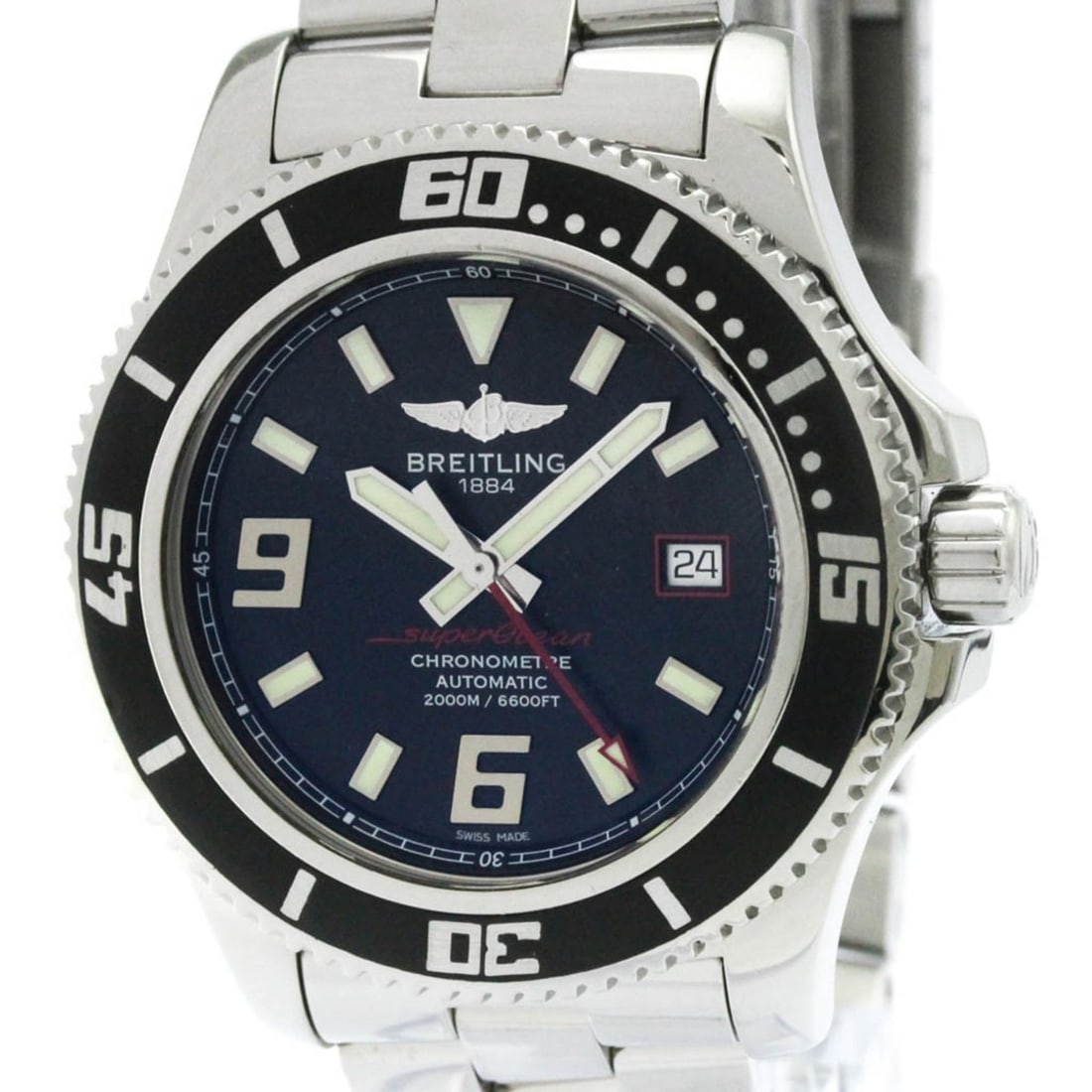 BREILING Superocean 44 Steel Automatic Mens Watch A17391 Polished (1 of 8)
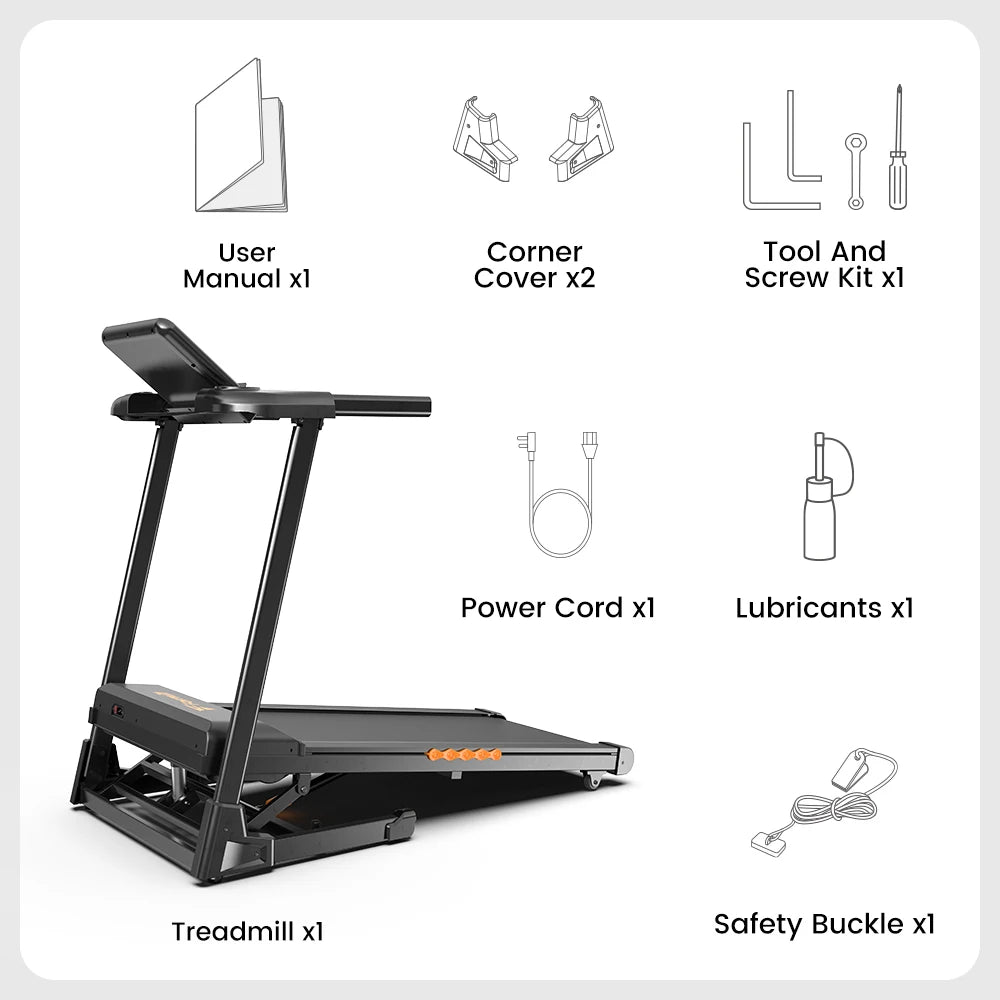 Formill Treadmill for Home Fitness – EU Warehouse | 3 Styles | Foldable, Incline & Handrail | Low Noise & Shock Absorption
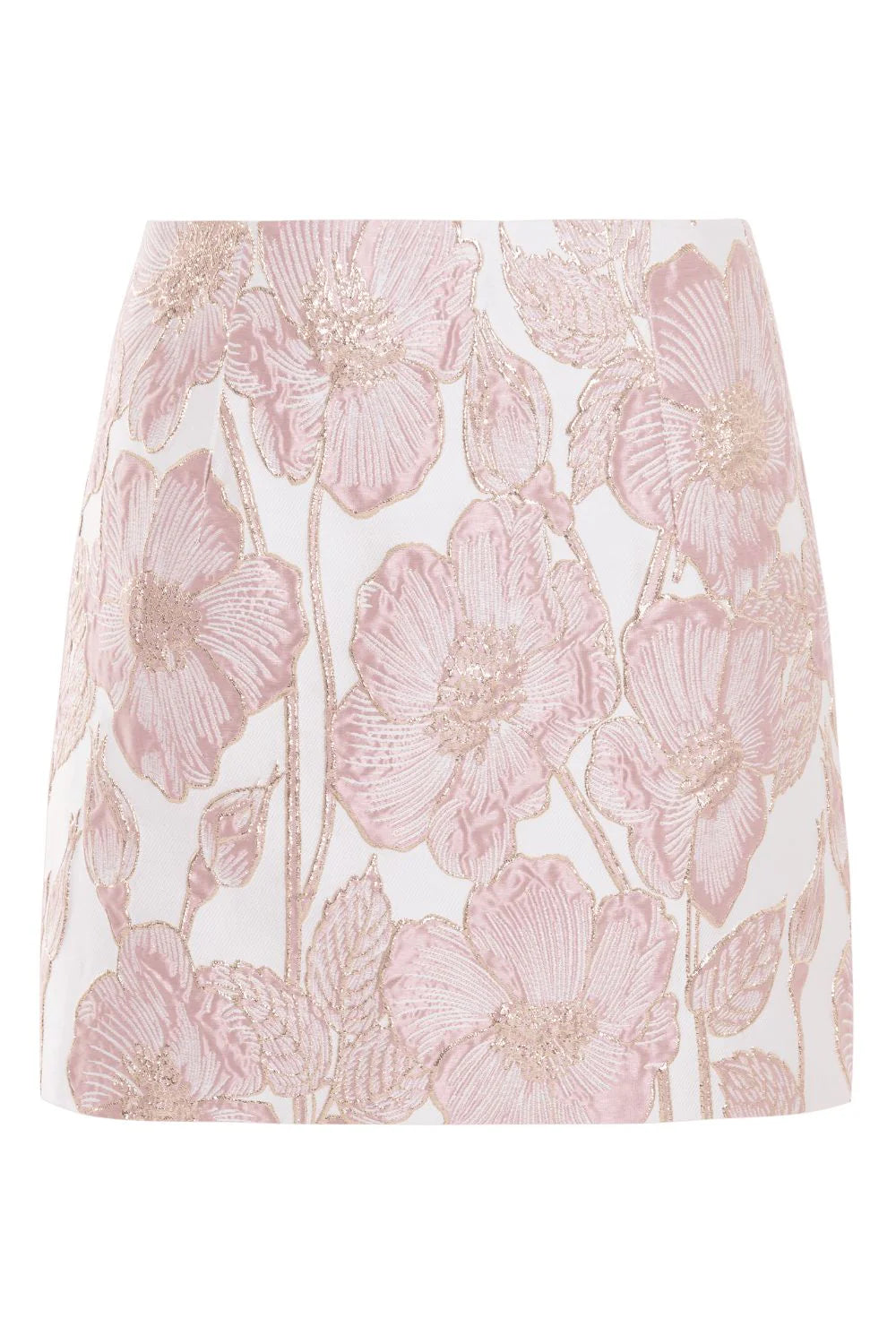 Petal Jacquard Skirt – Pink (Final Sale)
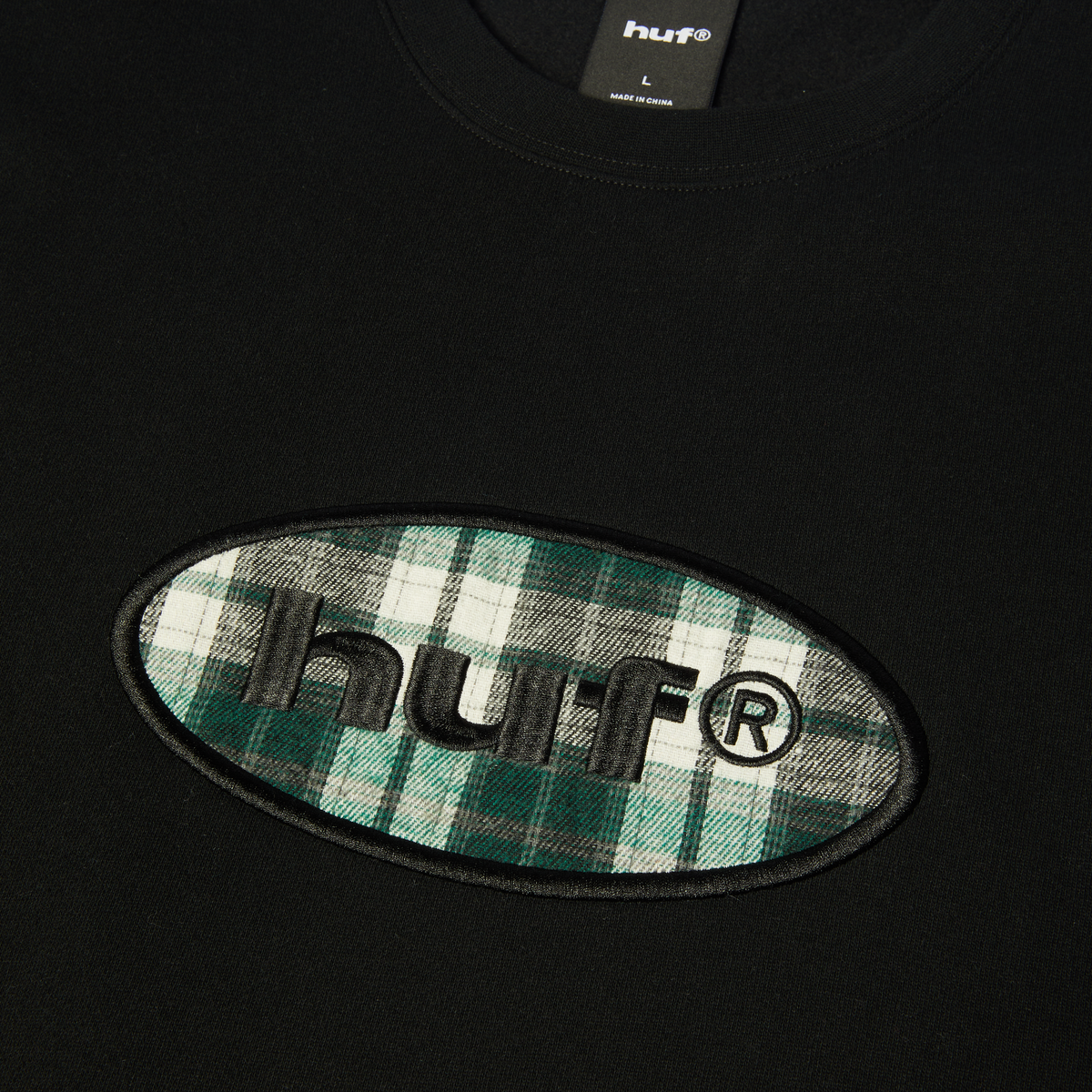 Oval Applique Crewneck Sweatshirt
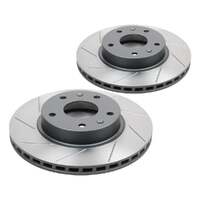 DBA DBA2462S Street Series T2 Slotted Brake Disc Rotor Pair 298mm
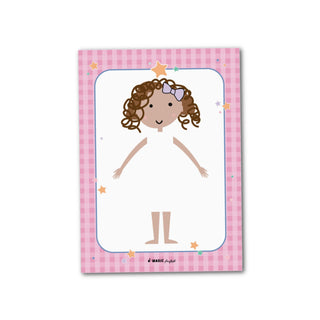 Pretend Play Dress A Girl Doll Notepad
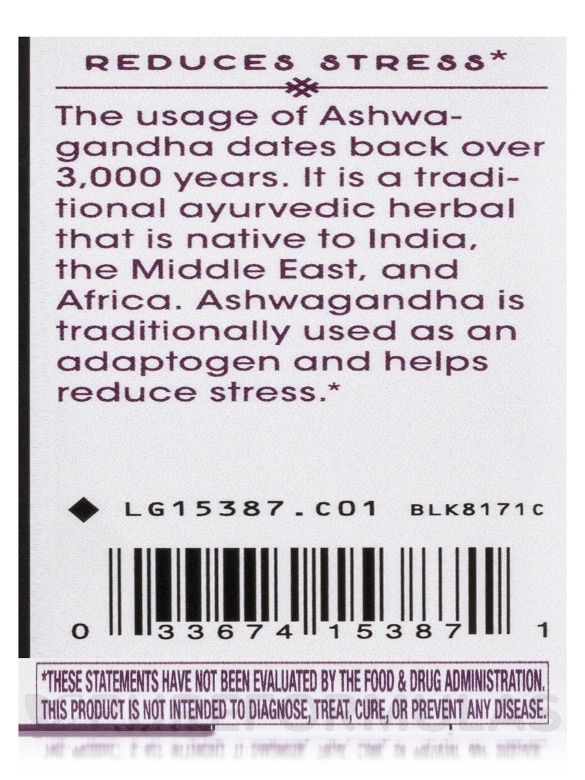 Ashwagandha 500 mg - 60 Vegan Capsules - Alternate View 6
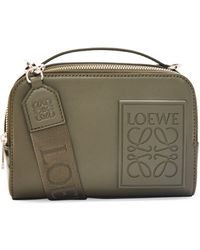 Loewe - Mini Leather Camera Cross-body Bag - Lyst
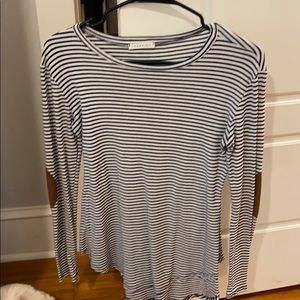 Long sleeve stripped tee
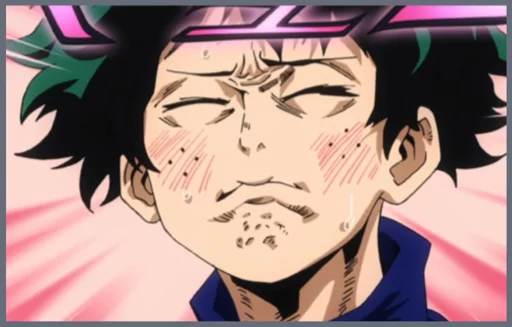🙃 Стикер «Midoriya Izuku» для Telegram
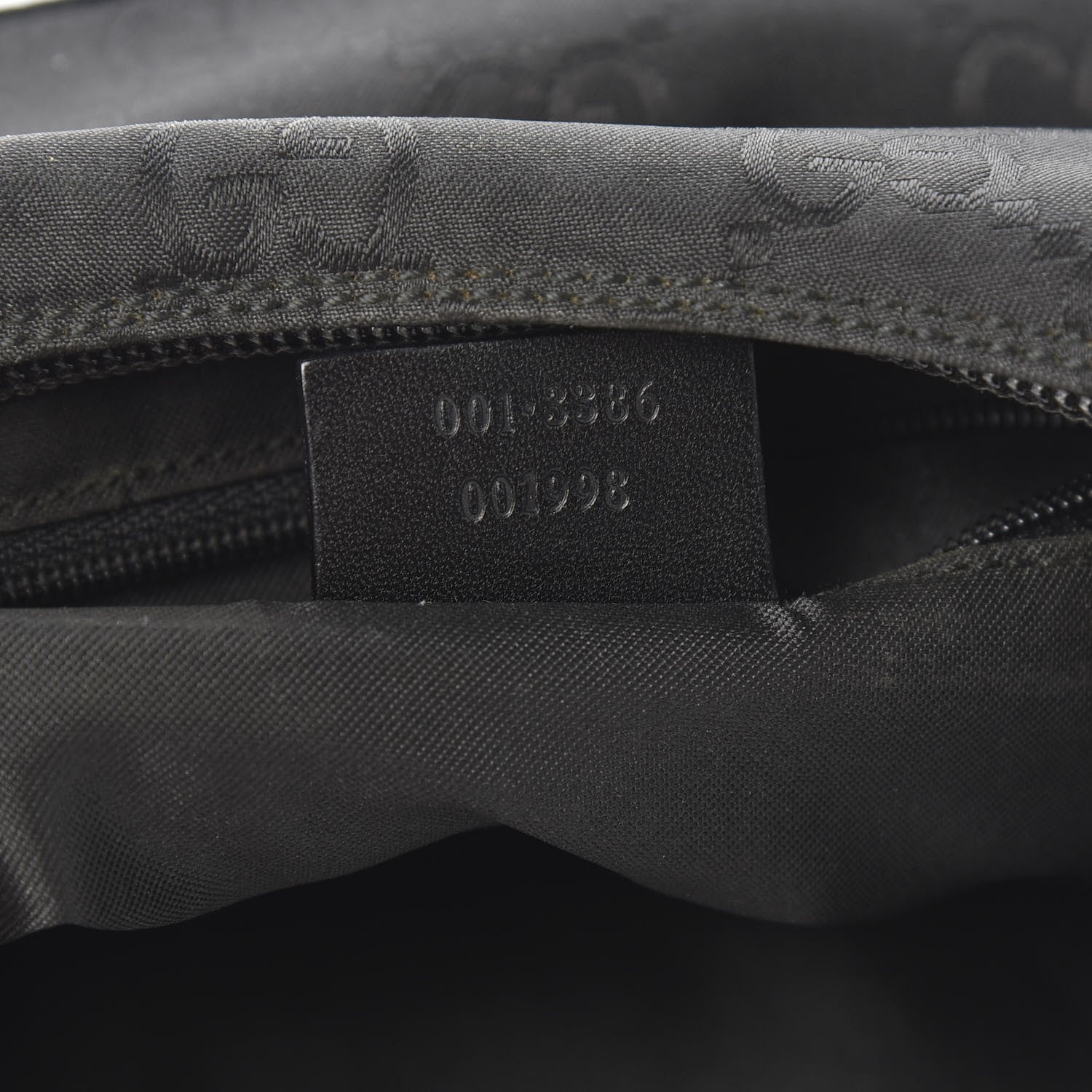 Gucci Nylon Monogram Small Hobo Black 6 of 9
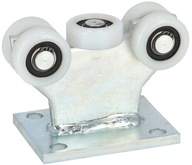 VOZÍK BRÁNY FI 43 PEVNÁ BRÁNA 5-VALČEK 108X80MM
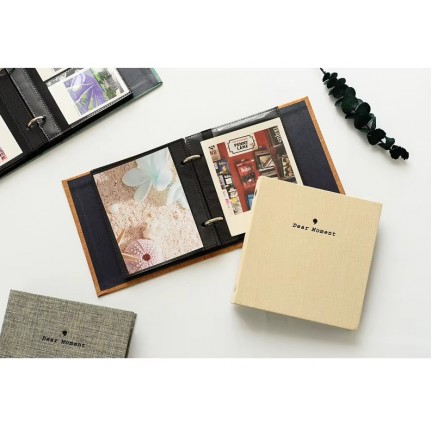 Instax Mini Film Photo Book Album 100 Pockets for Fujifilm Instax Film 7/8/9/10/11/12/Evo (Denim Blue)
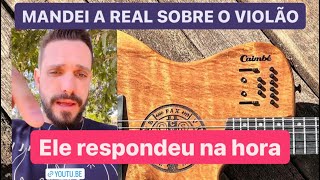 VIOLÃO CAIMBÉ  O Dono da Fábrica Reagiu ao meu Vídeo [upl. by Carlyn]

• Task prompt:
All lines from the one containing "Gucci Nylon Monogram Small Hobo Black 6 of 9" through the end of the entries, both ends included, should be written out exactly, with no pictures.

• Your solution:
 Gucci Nylon Monogram Small Hobo Black 6 of 9
 VOZÍK BRÁNY FI 43 PEVNÁ BRÁNA 5-VALČEK 108X80MM
 Instax Mini Film Photo Book Album 100 Pockets for Fujifilm Instax Film 7/8/9/10/11/12/Evo (Denim Blue)
 VIOLÃO CAIMBÉ  O Dono da Fábrica Reagiu ao meu Vídeo [upl. by Carlyn]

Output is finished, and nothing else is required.